The November Criminals
- First edition
- Author: Sam Munson
- Language: English
- Genre: Young adult novel
- Publisher: Doubleday
- Publication date: 20 April 2010
- Publication place: United States
- Media type: Print
- Pages: 272
- ISBN: 978-0-385-53227-3

= The November Criminals =

2010 novel by Sam Munson

The November Criminals is a novel by Sam Munson published in 2010.

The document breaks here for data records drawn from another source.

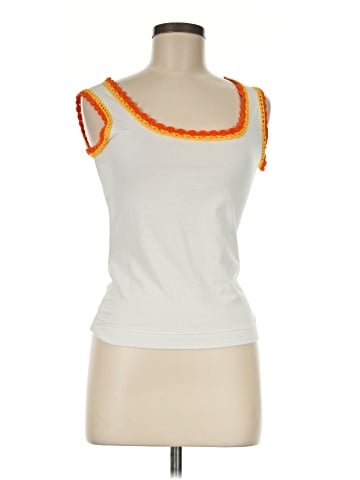 Moschino Cheap And Chic Sleeveless T-Shirt (view 1)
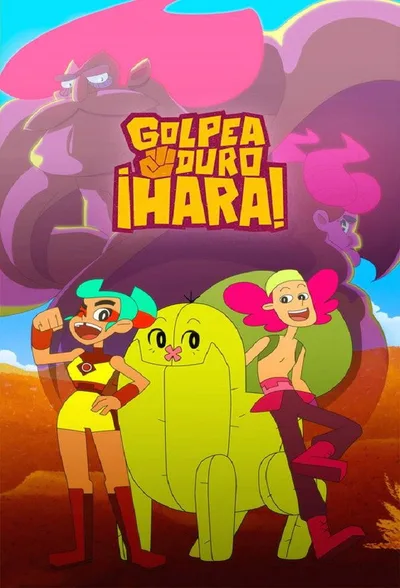 ¡Golpea duro, Hara! poster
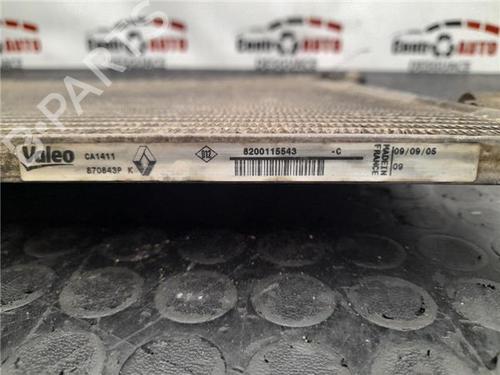 AC radiator RENAULT MEGANE II Saloon (LM0/1_) 1.6 | BP27843793M32 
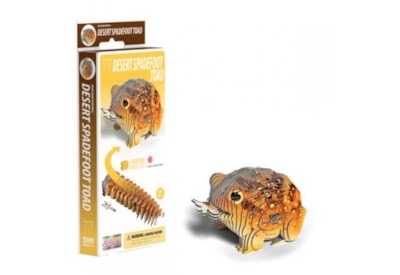 Eugy Desert Spadefoot Toad 3d Craft Set Eugy Desert Spadefoot Toad 3d Craft Set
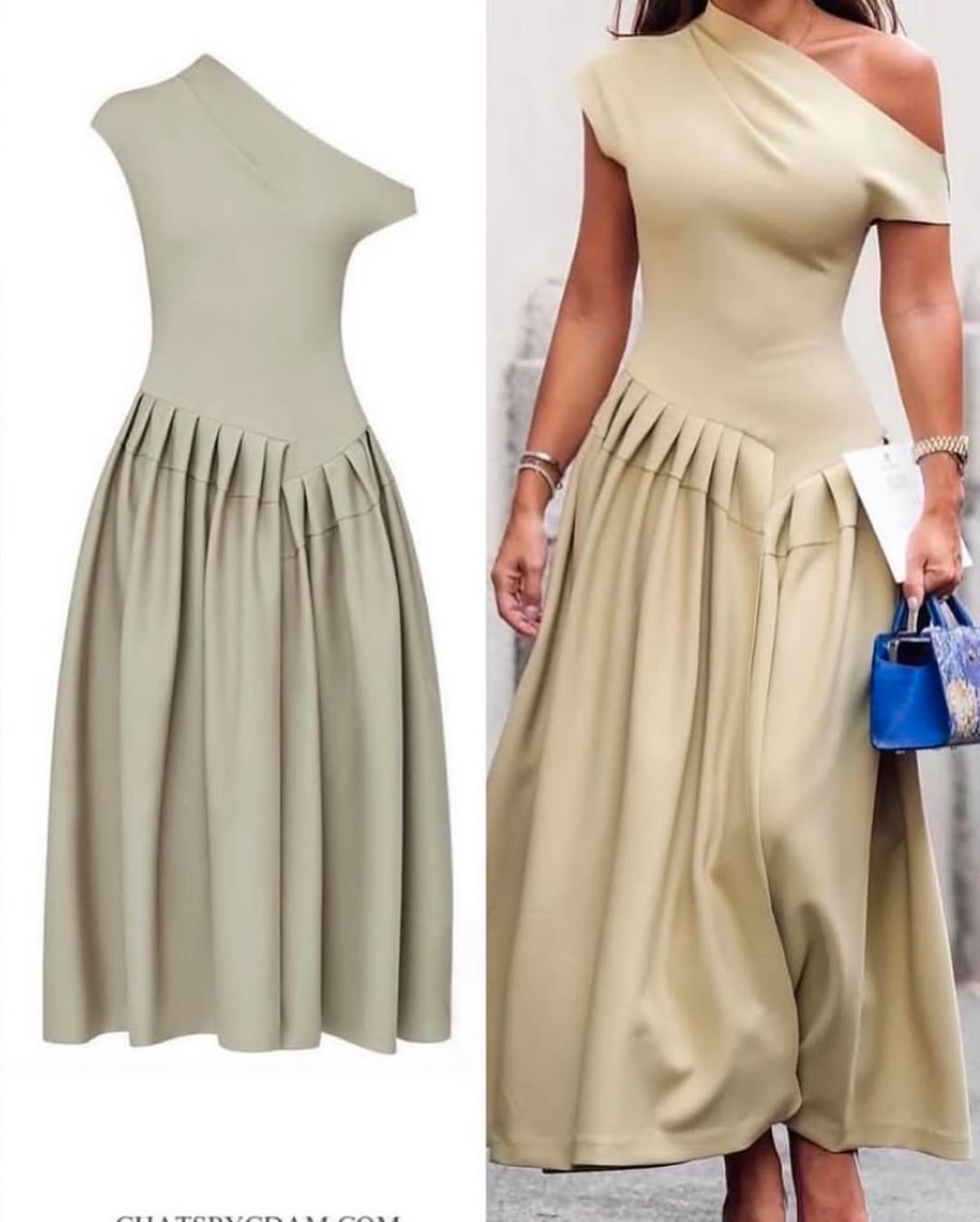 Hem Maxi Dress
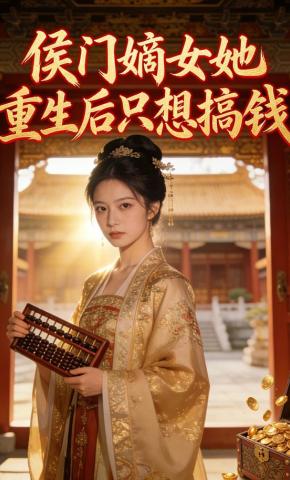 短剧《侯门嫡女她重生后只想搞钱》海报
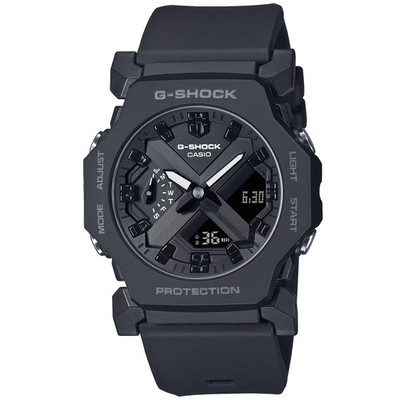 G-SHOCK GA-2300-1AJF ブラック CASIO G-Shock GA-2300-1A Black Digital watch small slim and simple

The book is the author's first novel; by April 2010, it was found in over 300 WorldCat libraries. It was published by Doubleday in 2010, and reprinted as an Anchor paperback in 2011. It was reviewed in the New York Times Book Review, the Washington Post, and in the magazine Commentary, published by the American Jewish Committee. It was the subject of an essay in the New York Times education section, and was listed by them as an "Editors Choice".

==Plot summary==

The hero of the book is 18-year-old Addison Schacht, a Jewish high-school senior in Washington D.C. He is in the process of applying to the University of Chicago, where he plans to study classics. The book is his response to the essay question, "What are your best and worst qualities?". He explains he has only "worst qualities", as illustrated by the events of his senior year. They include collecting offensive jokes; dealing drugs to his classmates; and insulting teachers, fellow students, and his girlfriend's mother. But when his classmate Kevin Broadus is killed in a senseless shooting, Addison develops a plan to investigate the death in hopes of finding the killer, and maybe finding some "best qualities" in himself.

==Film adaptation==
A film based on the novel, titled November Criminals, was released in 2017. It stars Ansel Elgort and Chloë Grace Moretz in the lead roles.